• Requirement: Each line starting at the one that contains "Fitness Masters Tri-Fold" and ending at the one that contains "T-shirt imprimé noir Philipp Plein" must be returned exactly, and the rest of the listing is left out.

• Input data:
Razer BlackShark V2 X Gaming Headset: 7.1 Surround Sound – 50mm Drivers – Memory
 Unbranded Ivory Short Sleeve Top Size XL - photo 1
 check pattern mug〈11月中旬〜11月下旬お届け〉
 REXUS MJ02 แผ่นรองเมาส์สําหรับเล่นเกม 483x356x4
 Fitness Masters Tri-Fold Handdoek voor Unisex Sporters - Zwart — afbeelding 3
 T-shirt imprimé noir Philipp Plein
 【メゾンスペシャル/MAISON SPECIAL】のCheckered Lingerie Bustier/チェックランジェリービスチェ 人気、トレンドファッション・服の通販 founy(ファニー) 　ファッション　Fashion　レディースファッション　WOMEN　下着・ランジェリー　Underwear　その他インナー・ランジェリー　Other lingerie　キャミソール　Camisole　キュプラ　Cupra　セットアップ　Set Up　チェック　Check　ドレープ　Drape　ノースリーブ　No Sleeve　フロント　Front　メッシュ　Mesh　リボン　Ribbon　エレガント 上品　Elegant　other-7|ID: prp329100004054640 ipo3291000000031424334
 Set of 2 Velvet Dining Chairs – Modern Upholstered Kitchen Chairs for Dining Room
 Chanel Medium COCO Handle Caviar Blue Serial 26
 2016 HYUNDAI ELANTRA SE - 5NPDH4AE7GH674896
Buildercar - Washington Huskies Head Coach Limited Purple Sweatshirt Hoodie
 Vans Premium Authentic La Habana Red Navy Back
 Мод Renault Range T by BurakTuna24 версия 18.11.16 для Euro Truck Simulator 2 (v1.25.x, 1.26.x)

• Task output:
 Fitness Masters Tri-Fold Handdoek voor Unisex Sporters - Zwart — afbeelding 3
 T-shirt imprimé noir Philipp Plein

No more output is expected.